Much like the world of college essays, scientific journals are often plagued with authors trying to publish someone else’s work as their own.
For Oklahoma Medical Research Foundation scientist Jonathan Wren, Ph.D., the issue hit home as part of his duties as an editor for the journal Bioinformatics, when a reviewer recognized a paper as having been published in another journal. Today, Wren has transformed that experience into a tool for sniffing out research retreads.
“I got to thinking about the nature of plagiarism and what could be done about it in the context of science,” said Wren, who specializes in bioinformatics and data analysis.
Wren knew that this former mentor, University of Texas Southwestern professor Harold Garner, Ph.D., had created a program called eTBLAST. Garner developed the program to identify other researchers working on similar topics. But, said Wren, “After he developed eTBLAST, he used it to select student papers and make sure they weren’t plagiarized.”
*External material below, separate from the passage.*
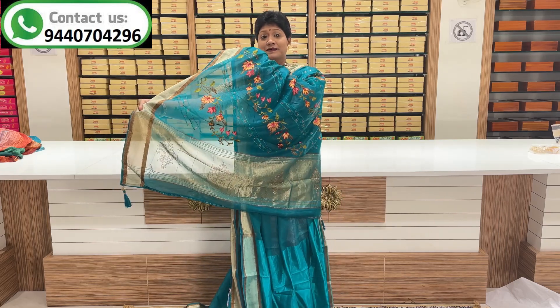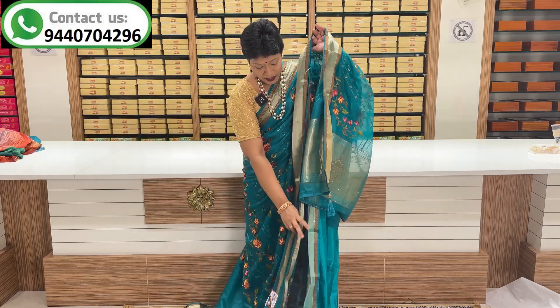Lightweight rangoli party wear series. This series is a green and pink color combination. Middle part thread work and stones design. Two side border in gold and copper. Pallu — branding pallu and stones pallu. Shala grand gown. Blouse — self blouse.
In light of his experience with the journal, Wren suggested a wider reach for the program: putting it to use at scientific journals to detect plagiarism among researchers. Wren saw a natural testing ground, a place where plagiarism could essentially hide in plain sight—Medline, the National Library of Medicine’s database of more than 10 million scientific articles.
“Rather than just providing answers about whether one paper is plagiarized, eTBLAST could put us on the path of asking some more interesting questions about plagiarism,” Wren said. “Who does it? Is it something many do occasionally or a few do frequently? Do people plagiarize more at some point in their careers, such as before tenure reviews or grant deadlines? Is plagiarism on the rise?”
The answer was shocking: In a wide-ranging scan of scientific periodicals, Wren and Garner used eTBLAST and found that more than 70,000 research articles and abstracts bore multiple similarities to other published work. The results of their study appear in the current issue of the journal Nature.
According to Wren, eTBLAST uses a more advanced algorithm than plagiarism detectors used by universities. “It not only looks for blocks of similar text, but it also examines sentence structure, looking at things like associations and proximity with other words,” the OMRF researcher said.
As powerful as eTBLAST is, Wren emphasized that it is not a judge and jury. “Any papers the program identifies still need to be examined by human eyes to determine if the plagiarism is real or just a coincidence,” he said.